The Rise of Agentic Commerce and the Future of AI Payments

The Rise of Agentic Commerce and the Future of AI Payments

The following interview explores the rapid evolution of agentic commerce, a paradigm shift where artificial intelligence moves beyond simple suggestions to autonomous execution. Priya Jaiswal, a leading expert in banking and international finance, joins us to discuss how this technology is redefining the relationship between consumers, brands, and the underlying financial infrastructure. We delve into the critical role of open protocols, the necessity of programmable currencies for machine-to-machine transactions, and the complex trust frameworks required to let algorithms manage our wallets.

How do you distinguish between a standard AI shopping assistant and a system with true agency? What specific multi-step workflows, such as identity authentication or post-purchase service, must an agent handle to move beyond mere recommendations into full transaction execution?

The fundamental difference lies in the transition from advice to action. A standard shopping assistant is essentially a sophisticated search engine that points you toward a product, but a system with true agency possesses the authority to close the loop on a transaction. To achieve this, an agent must navigate a complex, multi-step workflow that includes comparing multiple options against a user’s specific constraints, such as a budget of exactly $150 or a preference for blue stripes on shoes. It doesn’t stop at the “buy” button; the agent must be able to authenticate the user’s identity, arrange the payment through secure APIs, and even handle the “unseen” logistics of post-purchase service like tracking a delivery or initiating a return. We are moving toward a model where the consumer specifies an intent, and the agent operates within explicit guardrails to fulfill that intent entirely, rather than just providing a list of links for the human to click.

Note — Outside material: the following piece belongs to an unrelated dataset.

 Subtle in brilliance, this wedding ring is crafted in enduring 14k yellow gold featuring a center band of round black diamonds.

As consumers shift away from manual browsing, how should businesses restructure their product data for Answer Engine Optimization (AEO)? What specific technical steps ensure that an autonomous agent can accurately evaluate a brand’s inventory and pricing against highly specific consumer constraints?

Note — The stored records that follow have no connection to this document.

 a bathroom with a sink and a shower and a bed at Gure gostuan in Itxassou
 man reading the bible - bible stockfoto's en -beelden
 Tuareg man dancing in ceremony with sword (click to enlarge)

For years, businesses focused on traditional search engine optimization to attract human eyeballs, but the rise of agentic commerce requires a pivot toward Answer Engine Optimization (AEO) and LLM Engine Optimization (LEO). This means structuring product data into machine-readable formats that allow AI agents to instantly ingest and evaluate inventory, pricing, and business policies in real time. Businesses must ensure their data is not just “online” but is accessible via open protocols that provide shared context, allowing an agent to see real-time stock levels or specific delivery windows without human intervention. If a brand’s data is siloed or unstructured, an agent will simply bypass it because it cannot verify if the product meets the highly specific constraints—like a specific material or a guaranteed Tuesday delivery—set by the consumer. It’s a shift from aesthetic web design to high-fidelity data integrity that serves the logic of a machine.

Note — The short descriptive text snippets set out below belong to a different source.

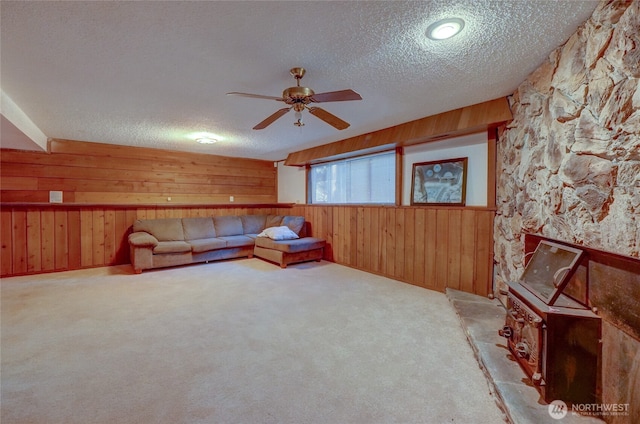 unfurnished living room with ceiling fan, wooden walls, light colored carpet, and a textured ceiling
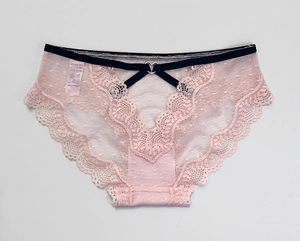 Detail of pink lace panties featuring polka dot mesh and a gold heart-shaped metal buckle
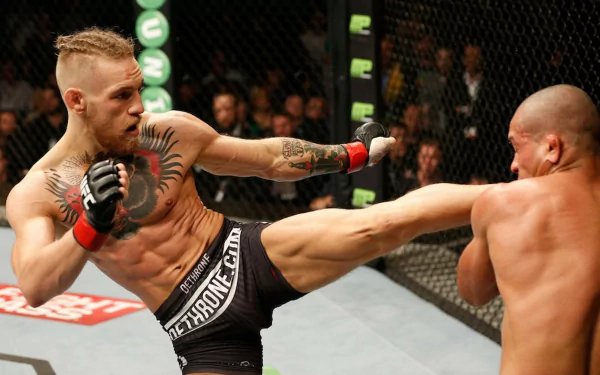 A dynamic UFC action shot featuring Conor McGregor mid-fight, delivering a powerful kick to his opponent, capturing the intensity of sports competition in high definition.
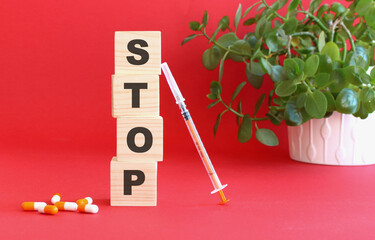 The words STOP is made of wooden cubes on a red background with medical drugs. Medical concept.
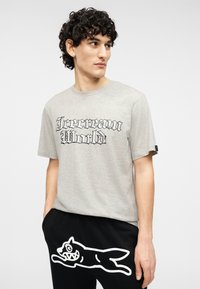 Γκρι βαμβακερό t-shirt με το γραφικό "Icecream World" σε μαύρη γοτθική γραμματοσειρά, συνδυασμένο με μαύρη φόρμα με γραφικό ενός λευκού σκύλου.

Current digital commerce often relies on fragmented, custom integrations that slow down innovation. How do open standards like the Universal Commerce Protocol (UCP) or Agent Payments Protocol (AP2) create a “common language” for transactions, and what does this mean for interoperability between competing platforms?

The current state of digital commerce is a “patchwork of custom plugs for custom sockets,” which is inherently slow and expensive to maintain. Open standards like the Universal Commerce Protocol (UCP) act as the connective tissue, creating a platform-agnostic language that allows consumer surfaces, payment providers, and business systems to talk to each other seamlessly. For instance, AP2 provides the “secure handshake” necessary for payments, ensuring that when an agent initiates a transaction, there is a foundation of trust and accountability across the entire ecosystem. This interoperability means that a shopping journey started on a search engine can be completed within a bank’s app or a retailer’s private platform without losing the context of the user’s loyalty rewards or shipping preferences. By removing the friction of fragmented integrations, we enable a world where agents can operate across the retail value chain regardless of which tech giant’s ecosystem the user started in.

Trust in AI for financial decision-making remains quite low among the general population. How can “Know Your Agent” (KYA) frameworks and cryptographic signing bridge this gap, and what specific human-in-the-loop safeguards are necessary to prevent unauthorized or harmful high-risk actions?

With only about 10% of the U.S. population currently trusting AI with their financial decisions, bridging the trust gap is perhaps our biggest hurdle. We address this by implementing “Know Your Agent” (KYA) frameworks and cryptographic signing, which provide a verifiable digital identity for every agent, ensuring it is a legitimate actor with specific, limited authority. To prevent unauthorized actions, we must use graded permissions and spending limits, alongside “human-in-the-loop” checks where the system pauses for explicit consent before executing high-risk or high-value transactions. This ensures that while the agent does the heavy lifting, the human remains the ultimate “merchant of record” or decision-maker. Additionally, we are seeing the development of agents that can explain their recommendations and surface trade-offs, helping users understand why a specific option was chosen and ensuring that the AI’s logic is transparent rather than a black box.

Programmable currencies and stablecoins are frequently positioned as the essential settlement layer for machine-to-machine interactions. Why is traditional banking infrastructure often ill-suited for the sub-millisecond state access these agents require, and how does blockchain provide a more transparent, immutable alternative for automated commerce?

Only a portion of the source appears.